§ EXERCISE DIRECTIONS
Could you reproduce all of the entries below without a single change?

§ RECORDS FOR THE EXERCISE
◆ ◆ ◆ ◆

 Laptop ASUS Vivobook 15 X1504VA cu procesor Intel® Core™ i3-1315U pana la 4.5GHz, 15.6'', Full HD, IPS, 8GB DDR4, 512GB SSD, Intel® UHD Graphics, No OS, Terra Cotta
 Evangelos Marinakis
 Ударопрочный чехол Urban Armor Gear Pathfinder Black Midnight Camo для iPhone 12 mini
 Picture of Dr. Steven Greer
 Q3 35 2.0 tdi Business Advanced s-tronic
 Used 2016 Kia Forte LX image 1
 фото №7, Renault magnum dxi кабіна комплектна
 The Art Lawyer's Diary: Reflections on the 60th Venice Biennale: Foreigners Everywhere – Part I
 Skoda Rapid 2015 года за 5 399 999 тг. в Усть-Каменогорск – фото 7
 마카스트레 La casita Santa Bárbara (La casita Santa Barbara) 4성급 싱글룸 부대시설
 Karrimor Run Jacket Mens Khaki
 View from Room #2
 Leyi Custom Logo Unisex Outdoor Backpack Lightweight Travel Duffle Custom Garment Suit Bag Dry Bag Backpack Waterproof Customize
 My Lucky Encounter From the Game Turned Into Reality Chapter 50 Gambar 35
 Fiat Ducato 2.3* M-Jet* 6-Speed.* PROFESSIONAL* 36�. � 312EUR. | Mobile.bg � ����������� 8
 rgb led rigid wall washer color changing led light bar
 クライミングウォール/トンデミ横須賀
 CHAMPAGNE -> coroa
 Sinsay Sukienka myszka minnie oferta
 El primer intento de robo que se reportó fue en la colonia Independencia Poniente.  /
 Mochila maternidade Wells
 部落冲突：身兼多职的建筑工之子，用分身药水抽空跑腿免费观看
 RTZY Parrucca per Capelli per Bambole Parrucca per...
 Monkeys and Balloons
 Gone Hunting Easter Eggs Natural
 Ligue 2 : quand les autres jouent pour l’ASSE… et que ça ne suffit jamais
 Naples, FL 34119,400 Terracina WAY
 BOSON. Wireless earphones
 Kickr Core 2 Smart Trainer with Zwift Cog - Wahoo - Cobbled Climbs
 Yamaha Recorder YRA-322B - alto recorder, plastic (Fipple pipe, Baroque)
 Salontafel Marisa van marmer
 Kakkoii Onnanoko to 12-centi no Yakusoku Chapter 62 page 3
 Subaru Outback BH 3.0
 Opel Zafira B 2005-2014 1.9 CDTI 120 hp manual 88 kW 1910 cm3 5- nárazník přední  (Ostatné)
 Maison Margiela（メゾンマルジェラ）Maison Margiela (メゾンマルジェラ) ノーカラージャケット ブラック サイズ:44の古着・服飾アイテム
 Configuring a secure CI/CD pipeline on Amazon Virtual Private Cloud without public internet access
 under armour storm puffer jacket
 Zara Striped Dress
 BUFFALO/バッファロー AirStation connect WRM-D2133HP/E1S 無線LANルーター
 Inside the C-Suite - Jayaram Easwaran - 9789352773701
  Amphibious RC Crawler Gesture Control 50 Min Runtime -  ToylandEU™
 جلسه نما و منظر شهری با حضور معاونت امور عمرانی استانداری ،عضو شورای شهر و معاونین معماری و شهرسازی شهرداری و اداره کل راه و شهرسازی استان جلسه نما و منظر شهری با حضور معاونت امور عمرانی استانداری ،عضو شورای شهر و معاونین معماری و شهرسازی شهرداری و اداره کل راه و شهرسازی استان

◆ ◆ ◆ ◆

§ EXPECTED ANSWER
 Laptop ASUS Vivobook 15 X1504VA cu procesor Intel® Core™ i3-1315U pana la 4.5GHz, 15.6'', Full HD, IPS, 8GB DDR4, 512GB SSD, Intel® UHD Graphics, No OS, Terra Cotta
 Evangelos Marinakis
 Ударопрочный чехол Urban Armor Gear Pathfinder Black Midnight Camo для iPhone 12 mini
 Picture of Dr. Steven Greer
 Q3 35 2.0 tdi Business Advanced s-tronic
 Used 2016 Kia Forte LX image 1
 фото №7, Renault magnum dxi кабіна комплектна
 The Art Lawyer's Diary: Reflections on the 60th Venice Biennale: Foreigners Everywhere – Part I
 Skoda Rapid 2015 года за 5 399 999 тг. в Усть-Каменогорск – фото 7
 마카스트레 La casita Santa Bárbara (La casita Santa Barbara) 4성급 싱글룸 부대시설
 Karrimor Run Jacket Mens Khaki
 View from Room #2
 Leyi Custom Logo Unisex Outdoor Backpack Lightweight Travel Duffle Custom Garment Suit Bag Dry Bag Backpack Waterproof Customize
 My Lucky Encounter From the Game Turned Into Reality Chapter 50 Gambar 35
 Fiat Ducato 2.3* M-Jet* 6-Speed.* PROFESSIONAL* 36�. � 312EUR. | Mobile.bg � ����������� 8
 rgb led rigid wall washer color changing led light bar
 クライミングウォール/トンデミ横須賀
 CHAMPAGNE -> coroa
 Sinsay Sukienka myszka minnie oferta
 El primer intento de robo que se reportó fue en la colonia Independencia Poniente.  /
 Mochila maternidade Wells
 部落冲突：身兼多职的建筑工之子，用分身药水抽空跑腿免费观看
 RTZY Parrucca per Capelli per Bambole Parrucca per...
 Monkeys and Balloons
 Gone Hunting Easter Eggs Natural
 Ligue 2 : quand les autres jouent pour l’ASSE… et que ça ne suffit jamais
 Naples, FL 34119,400 Terracina WAY
 BOSON. Wireless earphones
 Kickr Core 2 Smart Trainer with Zwift Cog - Wahoo - Cobbled Climbs
 Yamaha Recorder YRA-322B - alto recorder, plastic (Fipple pipe, Baroque)
 Salontafel Marisa van marmer
 Kakkoii Onnanoko to 12-centi no Yakusoku Chapter 62 page 3
 Subaru Outback BH 3.0
 Opel Zafira B 2005-2014 1.9 CDTI 120 hp manual 88 kW 1910 cm3 5- nárazník přední  (Ostatné)
 Maison Margiela（メゾンマルジェラ）Maison Margiela (メゾンマルジェラ) ノーカラージャケット ブラック サイズ:44の古着・服飾アイテム
 Configuring a secure CI/CD pipeline on Amazon Virtual Private Cloud without public internet access
 under armour storm puffer jacket
 Zara Striped Dress
 BUFFALO/バッファロー AirStation connect WRM-D2133HP/E1S 無線LANルーター
 Inside the C-Suite - Jayaram Easwaran - 9789352773701
  Amphibious RC Crawler Gesture Control 50 Min Runtime -  ToylandEU™
 جلسه نما و منظر شهری با حضور معاونت امور عمرانی استانداری ،عضو شورای شهر و معاونین معماری و شهرسازی شهرداری و اداره کل راه و شهرسازی استان جلسه نما و منظر شهری با حضور معاونت امور عمرانی استانداری ،عضو شورای شهر و معاونین معماری و شهرسازی شهرداری و اداره کل راه و شهرسازی استان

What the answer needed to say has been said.